═══ SOURCE MATERIAL ═══

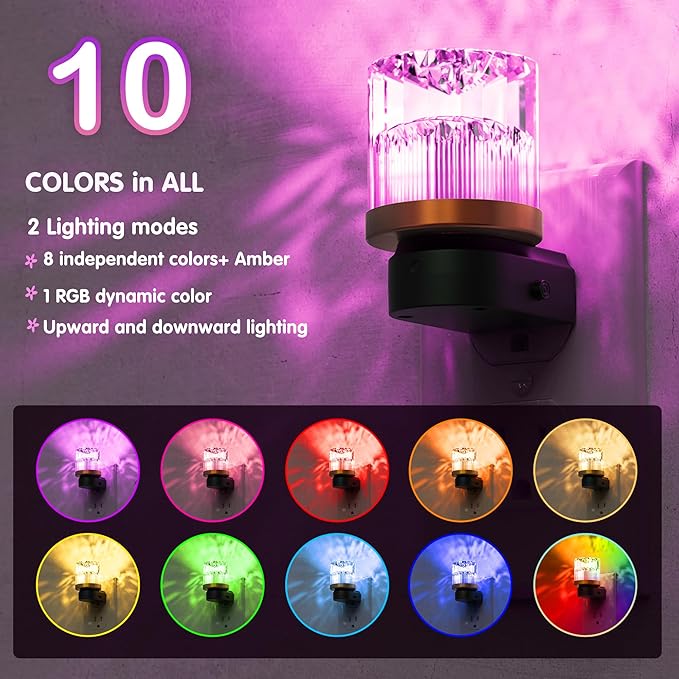 L LOHAS LED Night Light, Night Lights Plug into Wall - Image 3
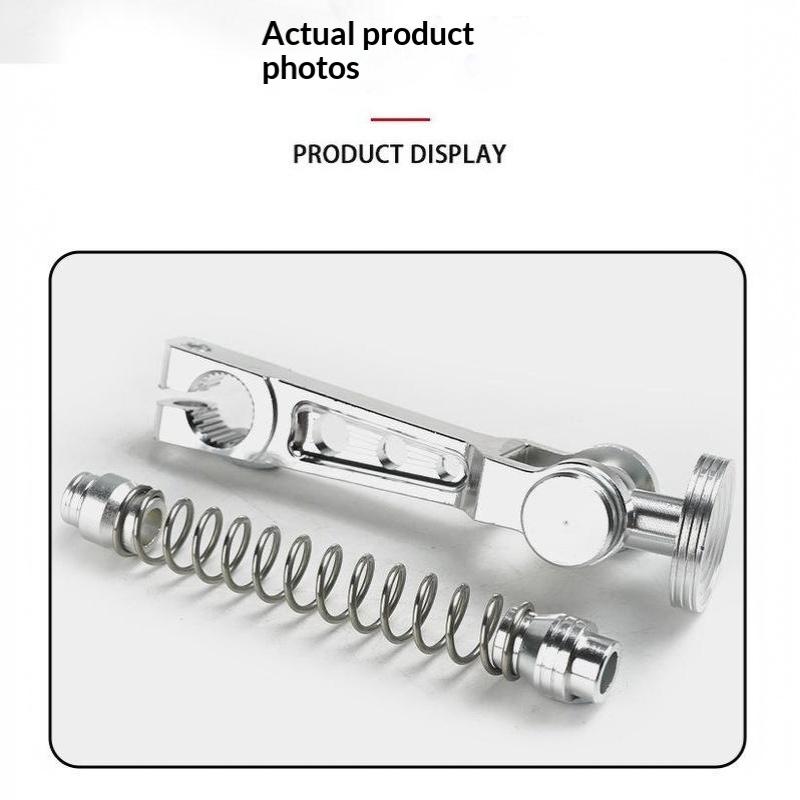 New 1Set Motorbike Accessories Cnc Brake Arm Kit With Spring Alloy Universal Modified Motorcycle Rocker Arm Bracket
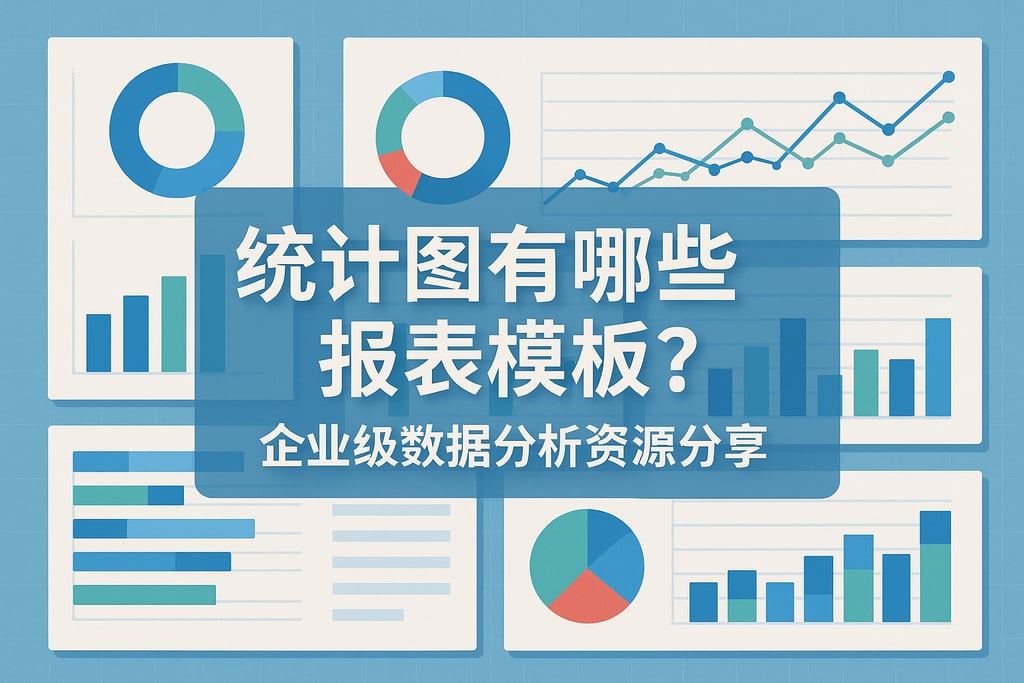 统计图有哪些报表模板？企业级数据分析资源分享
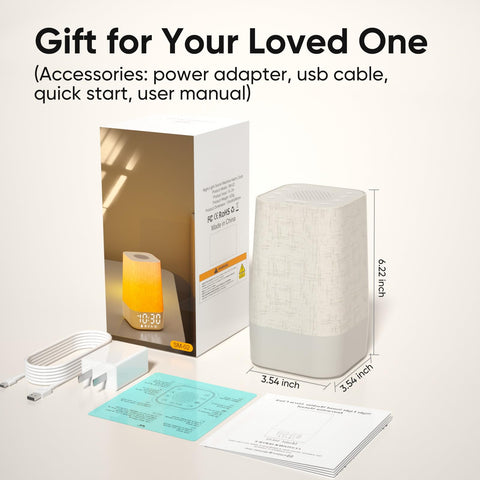 APUZOM warm night light creates cozy ambiance and reduces anxiety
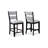 Dining Table Set, Rectangular Table with Wine Bottle Storage, Chairs and 1 Bench-912390794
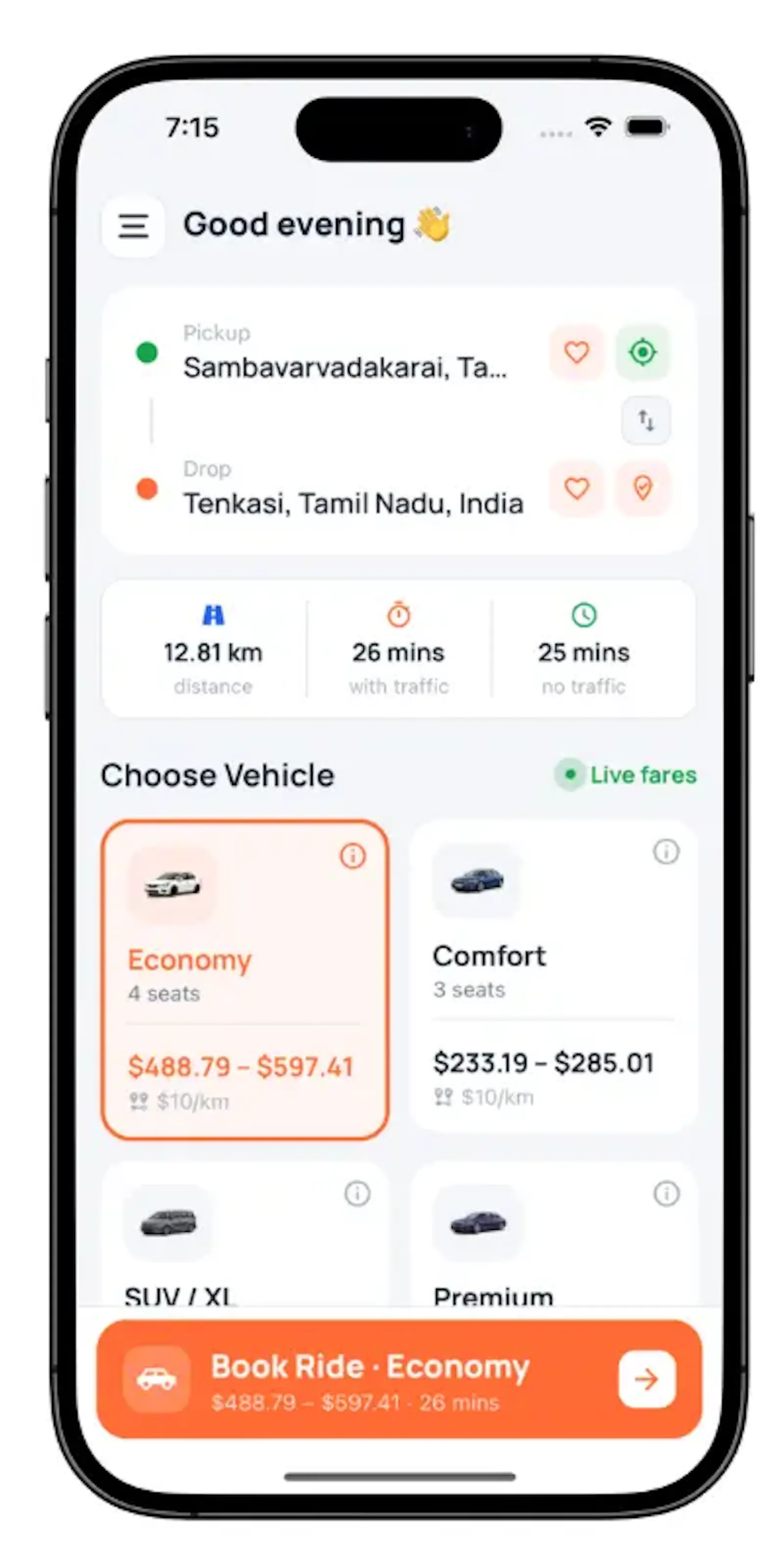 Uber Clone App Development screenshot 10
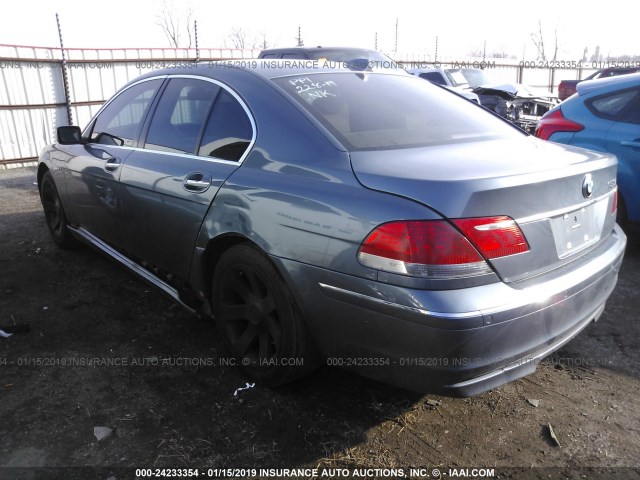 WBAHL83596DT06192 - 2006 BMW 750 I GRAY photo 3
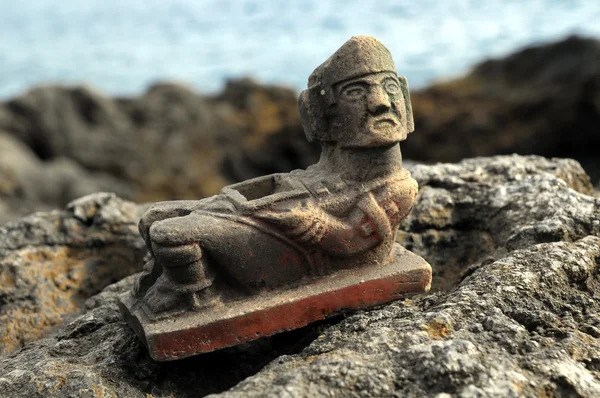 玛雅人雕像 — 图库照片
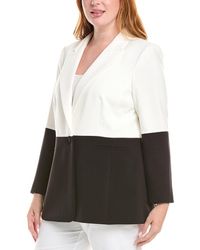 Tahari - Plus Blazer - Lyst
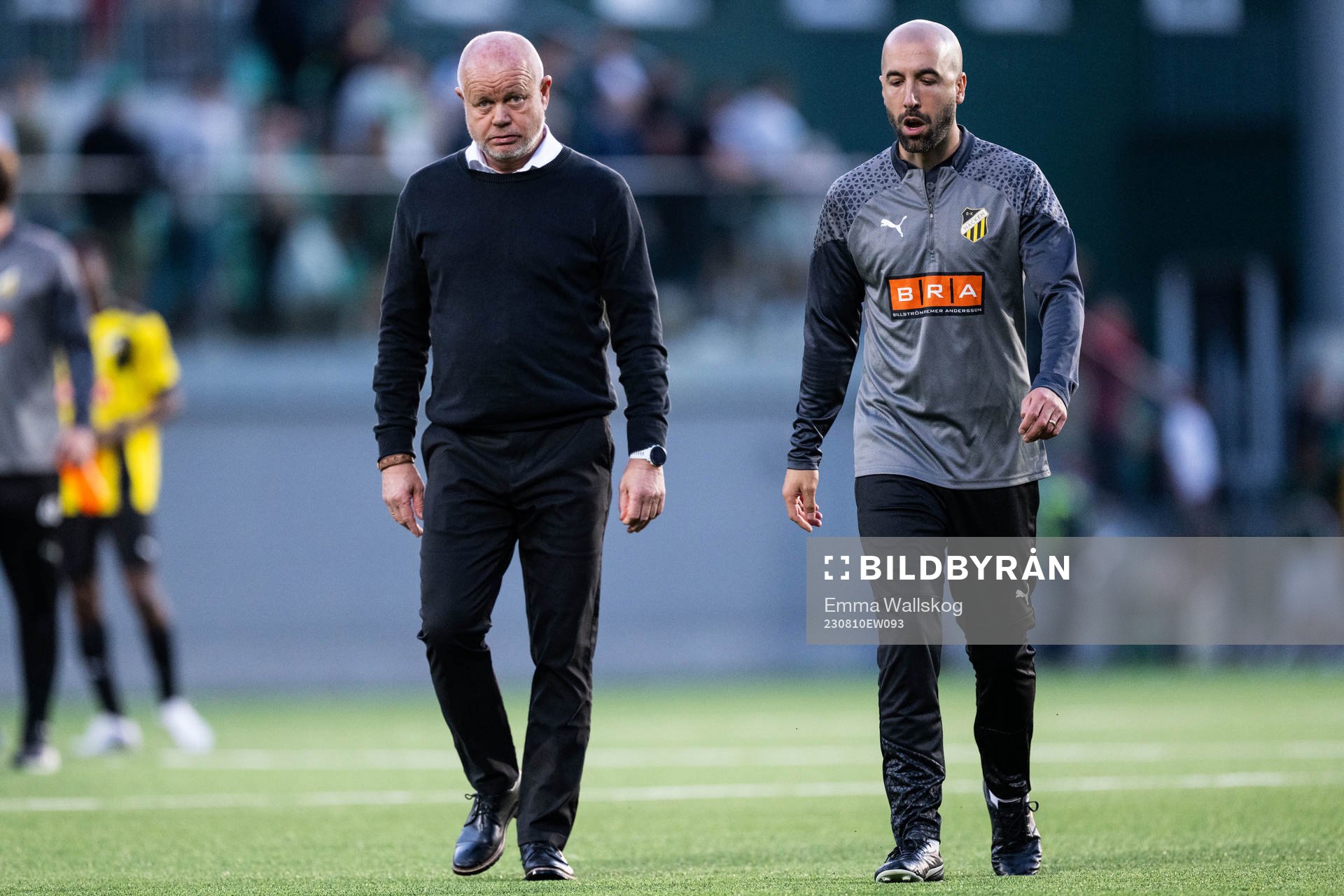 Per-Mathias Høgmo, head coach and Martin Foyston,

═══

TASK TO COMPLETE: Only one stretch of the entries above is needed: the lines from the one containing "New 1Set Motorbike" through the one containing "APUZOM warm night". Copy it exactly, without the pictures.

EXERCISE OUTPUT:
 New 1Set Motorbike Accessories Cnc Brake Arm Kit With Spring Alloy Universal Modified Motorcycle Rocker Arm Bracket
 统计图有哪些报表模板？企业级数据分析资源分享
 APUZOM warm night light creates cozy ambiance and reduces anxiety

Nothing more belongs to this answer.